> **Records for the task**
------------------------------------------------
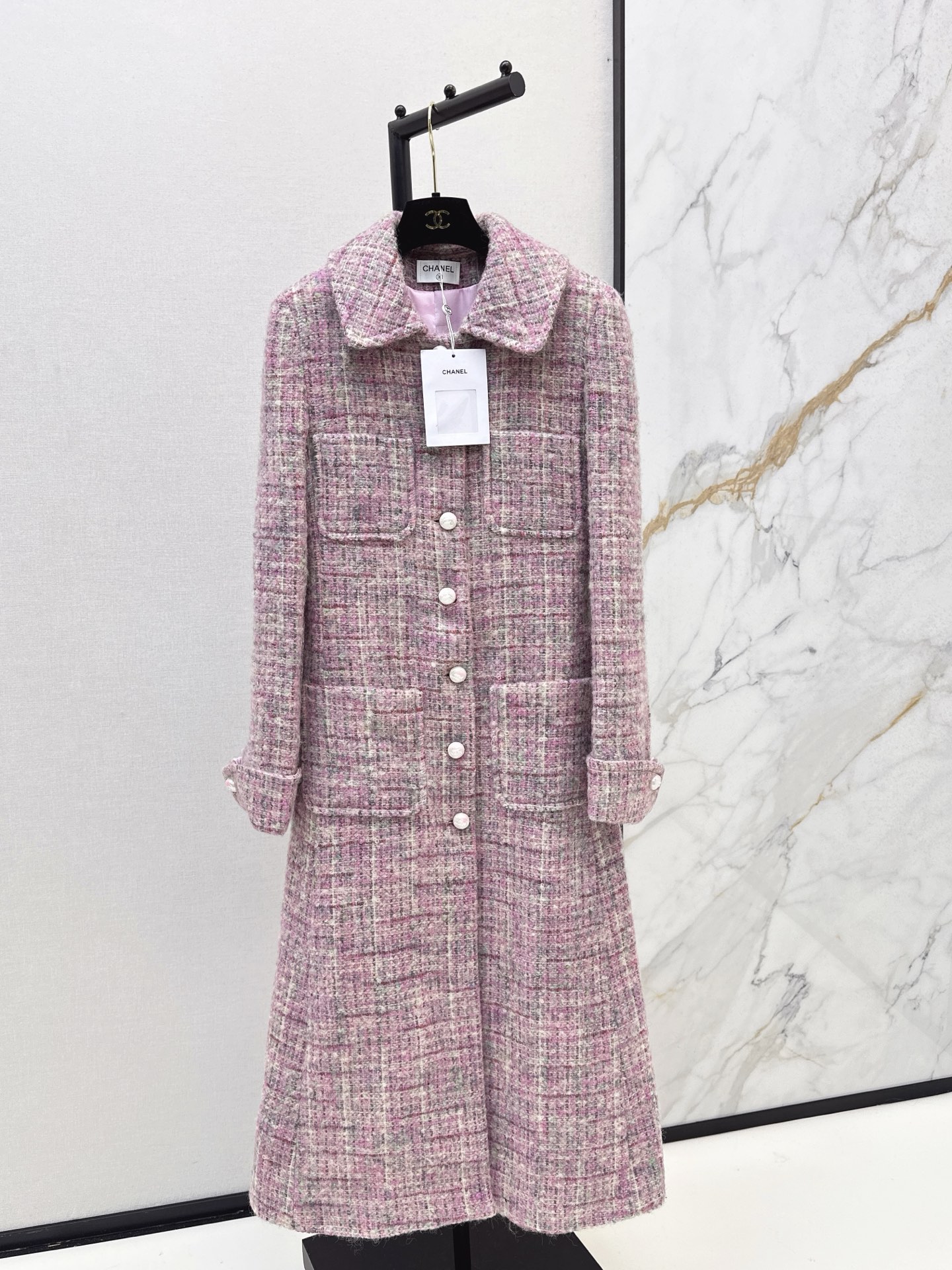 NO:564352,The same style as the catwalk, C Home 25Ss————The latest heavy-duty plaid tweed lapel dress coat in autumn and winter is made of custom-made imported slub wool material. The texture is obvious and high-quality. The tweed fabric creates a model of small fragrance. Doll lapel + Oversize long H version is more inclusive. The overall pink, white and black lines are intertwined with luxurious elements. With four symmetrical pockets, the inner lining echoes the all-over printed dark pattern jacquard, showing the style of a high-end celebrity. The first choice for autumn and winter wear.  One color ready for sale sml,,versace,chanel,alexander wang19860909走秀同款 C家 25Ss————秋冬最新重磅款格纹粗花呢翻领洋装大衣定制进口粗纺羊毛呢材质 肌理明显质感上乘 粗花毛呢面料塑造小香风典范 娃娃翻领+Oversize长款H版型 包容性更强 整体粉白黑线交织元素奢华 配合四个对称口袋 内衬呼应满印暗纹提花 尽显高级名媛风格 秋冬穿搭首选 一色现货发售sml,,versace,chanel,alexander wang,Women's clothing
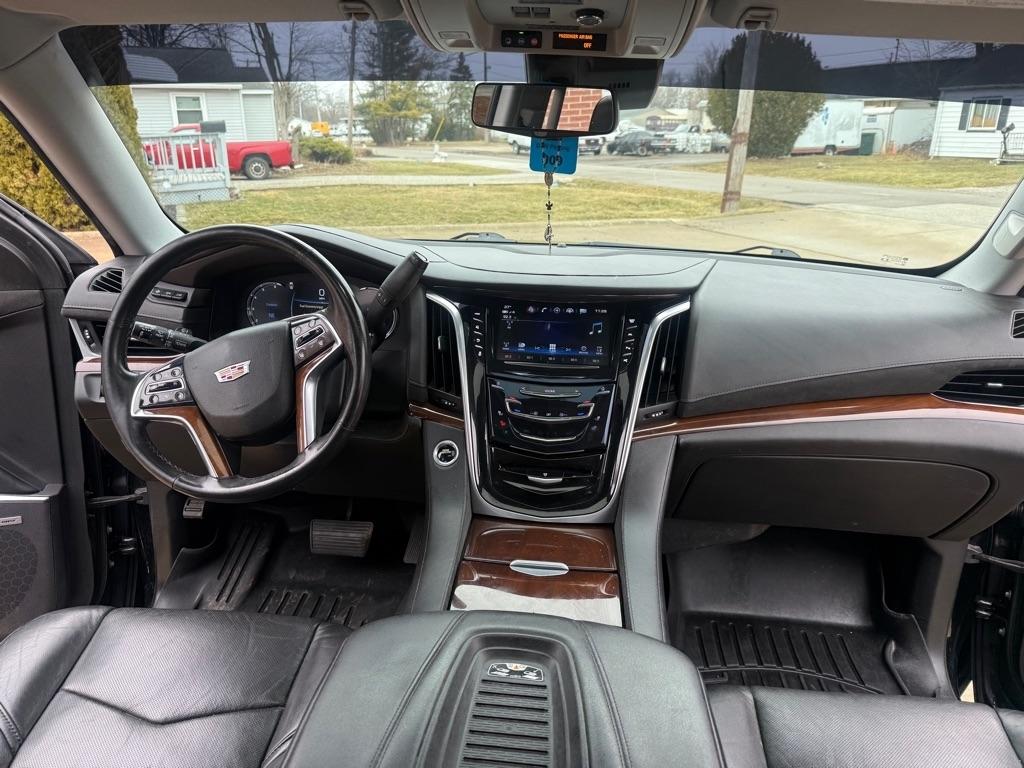 Cadillac Escalade Luxury 4WD 2020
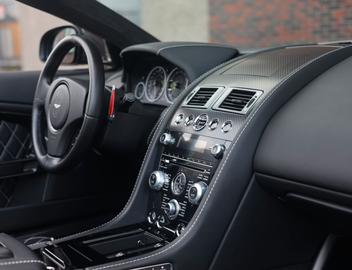 2012 Aston Martin DBS — миниатюра 40
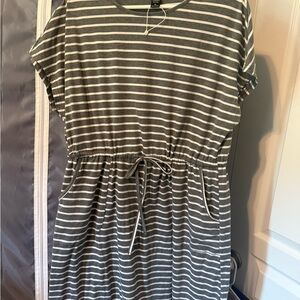 Emory Rose 🩶 🤍 gray and white Casual Striped Gray Dress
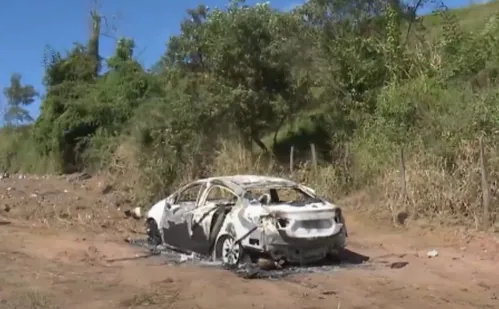 
          Imagem ilustrativa da imagem Corpo é encontrado dentro de carro carbonizado em Cariacica
          
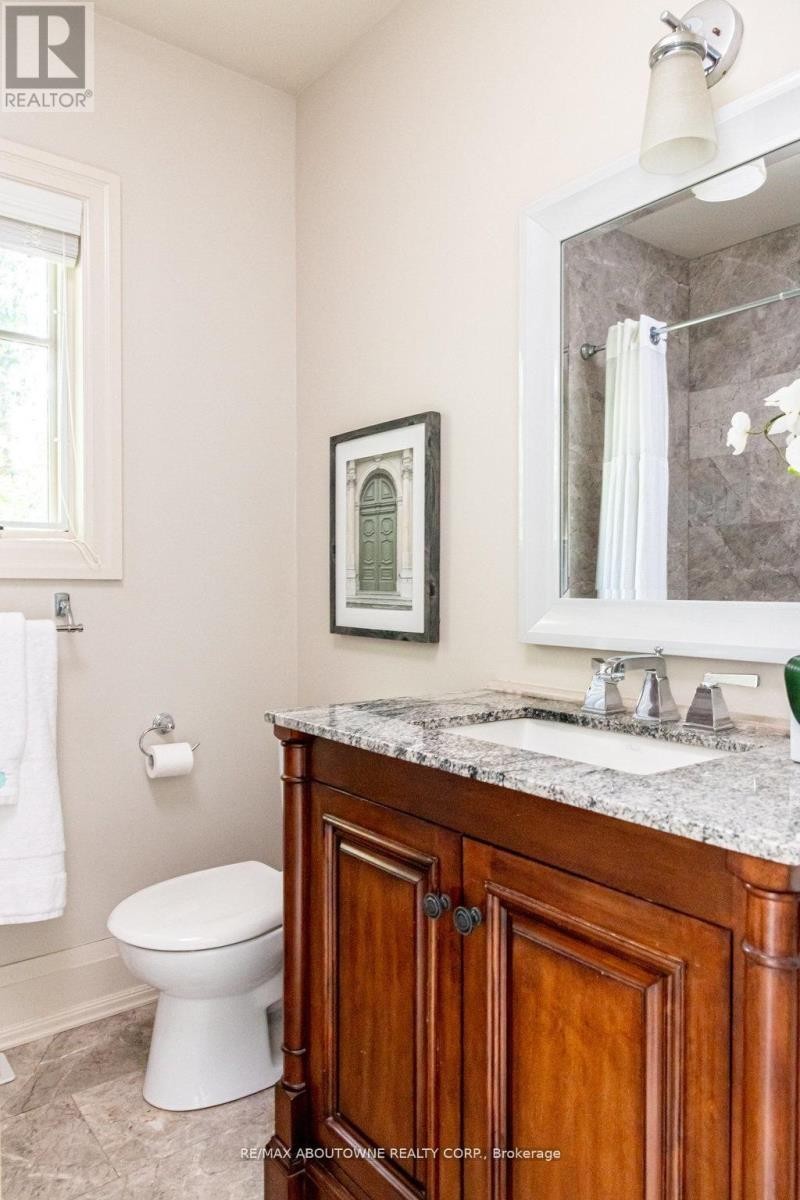 












44 HEAD STREET

,
Oakville (CO Central),




Ontario
L6K1L5

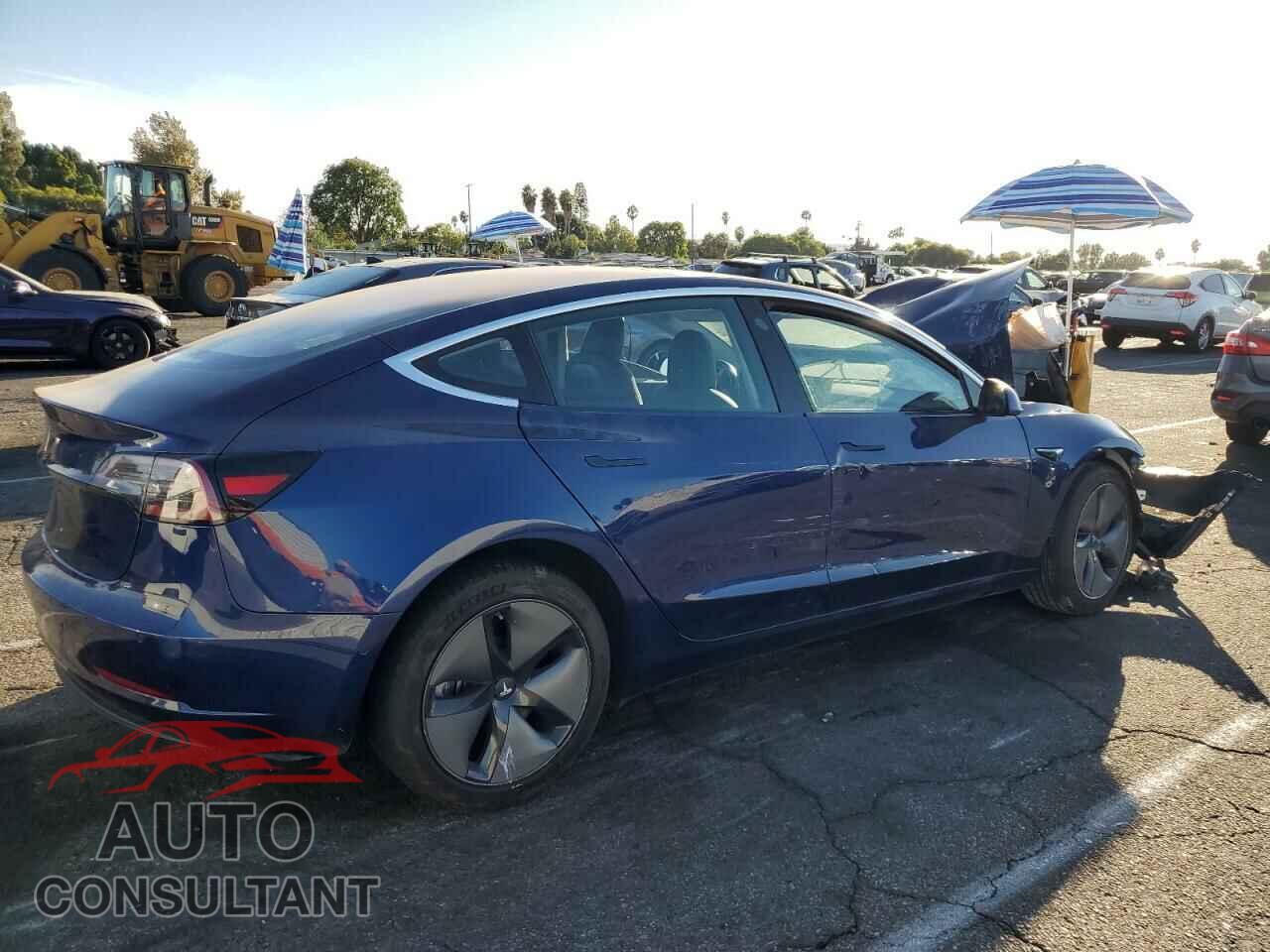 TESLA MODEL 3 2018 - 5YJ3E1EA1JF030861
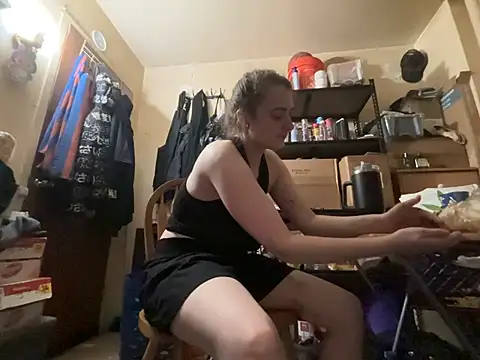 snowbunnycake_131 - Snowbunnycake_131's free webcam - UK Sex Cams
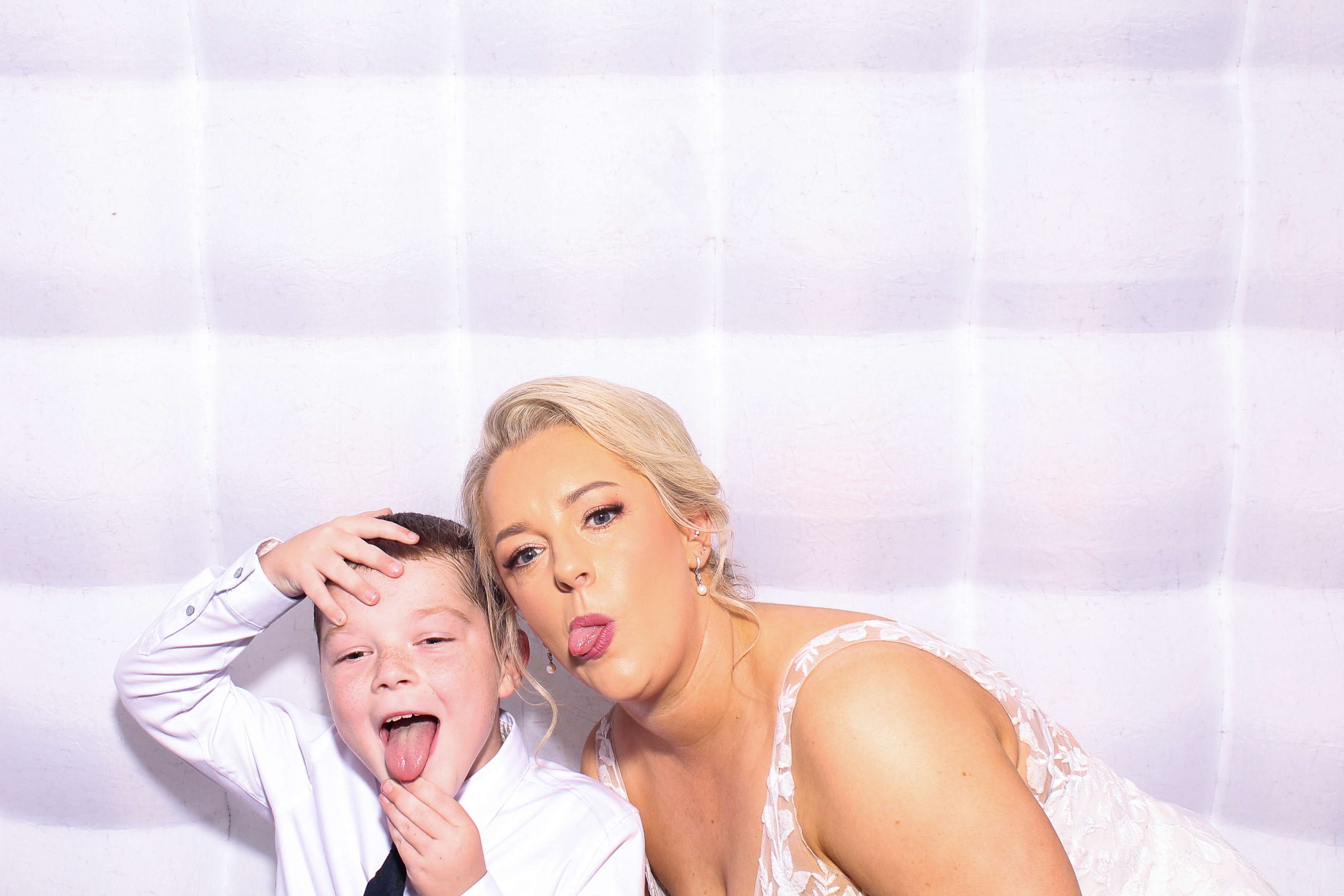 Colie & Christine | View more photos from the event at gallery.snapmagic.ie/u/SnapMagic/Colie-Christine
------------------------------------------------
> **Exercise objective**
Write every line above out again exactly; pictures do not belong in the copy.

> **Task answer**
 NO:564352,The same style as the catwalk, C Home 25Ss————The latest heavy-duty plaid tweed lapel dress coat in autumn and winter is made of custom-made imported slub wool material. The texture is obvious and high-quality. The tweed fabric creates a model of small fragrance. Doll lapel + Oversize long H version is more inclusive. The overall pink, white and black lines are intertwined with luxurious elements. With four symmetrical pockets, the inner lining echoes the all-over printed dark pattern jacquard, showing the style of a high-end celebrity. The first choice for autumn and winter wear.  One color ready for sale sml,,versace,chanel,alexander wang19860909走秀同款 C家 25Ss————秋冬最新重磅款格纹粗花呢翻领洋装大衣定制进口粗纺羊毛呢材质 肌理明显质感上乘 粗花毛呢面料塑造小香风典范 娃娃翻领+Oversize长款H版型 包容性更强 整体粉白黑线交织元素奢华 配合四个对称口袋 内衬呼应满印暗纹提花 尽显高级名媛风格 秋冬穿搭首选 一色现货发售sml,,versace,chanel,alexander wang,Women's clothing
 Cadillac Escalade Luxury 4WD 2020
 2012 Aston Martin DBS — миниатюра 40
 Emory Rose 🩶 🤍 gray and white Casual Striped Gray Dress
          Imagem ilustrativa da imagem Corpo é encontrado dentro de carro carbonizado em Cariacica
          












44 HEAD STREET

,
Oakville (CO Central),




Ontario
L6K1L5

 TESLA MODEL 3 2018 - 5YJ3E1EA1JF030861
 snowbunnycake_131 - Snowbunnycake_131's free webcam - UK Sex Cams
 Colie & Christine | View more photos from the event at gallery.snapmagic.ie/u/SnapMagic/Colie-Christine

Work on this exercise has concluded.